Autor | Marc Graf / Christine Sonvilla |
Verlag | Knesebeck |
Umfang | 159 Seiten |
ISBN | 978-3-95728-369-6 |
Preis | Fr. 50.80 (UVP) |
Wer in Mitteleuropa von Wildnis spricht, beschwört damit üblicherweise Bilder weit entfernter Landschaften vor das innere Auge: Von Alaska, dem australischen Outback oder afrikanischen Savannen. Vor der Haustür wird „Wildnis“ hier selten verortet, und das ja auch mit Grund. Tatsächlich sind Landstriche mit wild aufschiessender oder gar „vom Menschen unberührter“ Natur im Herzen Europas rar gesät. Doch drehen wir nur etwas an den Grössenverhältnissen, lassen sich doch noch so einige – jetzt kleinere – Oasen wilden Lebens finden. Mit ihrem prächtigen Bildband nehmen uns Christine Sonvilla und Marc Graf schon einmal dahin mit und diskutieren dabei gelehrig die Frage, wie wild Europa wieder werden kann und soll.
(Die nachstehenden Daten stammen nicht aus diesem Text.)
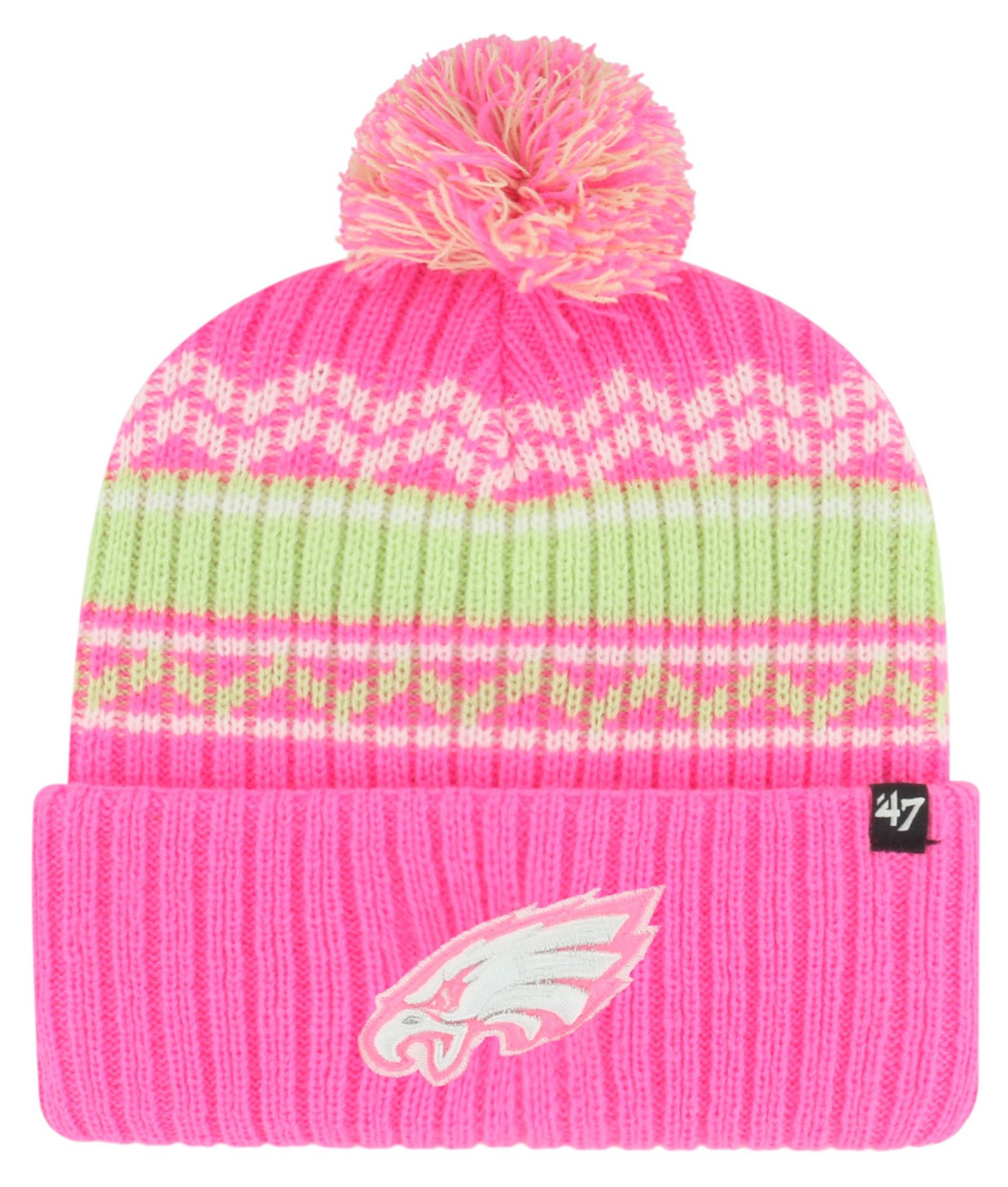 47 Youth Philadelphia Eagles Pink Polar Vortex Cuffed Knit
Die im Untertitel ihres Buches angesprochene Rückkehr der Beutegreifer Luchs, Wolf und Bär ist den beiden Biologinnen und Fotografinnen mehr Anlass als Endzweck ihrer Spurensuche. Neben ihrer Jagd nach spektakulären Aufnahmen der grossen Raubtiere, die gerade wieder in ihre angestammten Lebensräume heimfinden, stossen sie tief hinein ins Spannungsfeld zwischen Naturschutz und (Land)Wirtschaft, Zivilisation und Wildnis. In all den Wald-, Gebirgs- und Wasserschutzgebieten vom Schweizer Nationalpark bis zur Slowakei, von der Lausitz bis ins Tirol suchen sie den Kontakt mit den Verantwortlichen – Naturschützerinnen, Jägern, Ökologinnen, Zoologen, Fischern oder Förstern. Über diese Gespräche und die direkte Anschauung erhalten wir intimen, sachkundigen Einblick in die Konflikte, Debatten und Problemlagen, vor die eine Stärkung europäischer Wildnis uns stellt; und durchwegs über die Lösungsansätze und Erfolge, die eine solche ermöglichen.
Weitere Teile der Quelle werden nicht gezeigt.